HOW TO COMPLETE THIS TASK :: Please return only the lines from the one holding "Hermes 18K Rose" through the one holding "Боксерський набір середній, діаметр", exactly as they appear in the records below, both ends included.
-------- THE DATA
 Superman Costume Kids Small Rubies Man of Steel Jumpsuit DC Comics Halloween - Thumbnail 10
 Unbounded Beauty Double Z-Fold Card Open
----------------
-------- THE DATA
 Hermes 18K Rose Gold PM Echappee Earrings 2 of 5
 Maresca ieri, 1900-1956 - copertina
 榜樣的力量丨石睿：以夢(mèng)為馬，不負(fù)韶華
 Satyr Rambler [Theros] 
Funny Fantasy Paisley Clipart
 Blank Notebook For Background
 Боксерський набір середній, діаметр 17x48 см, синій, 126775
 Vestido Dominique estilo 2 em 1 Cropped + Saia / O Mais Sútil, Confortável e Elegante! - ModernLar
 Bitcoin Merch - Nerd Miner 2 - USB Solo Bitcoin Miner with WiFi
----------------
RESULT ::
 Hermes 18K Rose Gold PM Echappee Earrings 2 of 5
 Maresca ieri, 1900-1956 - copertina
 榜樣的力量丨石睿：以夢(mèng)為馬，不負(fù)韶華
 Satyr Rambler [Theros] 
Funny Fantasy Paisley Clipart
 Blank Notebook For Background
 Боксерський набір середній, діаметр 17x48 см, синій, 126775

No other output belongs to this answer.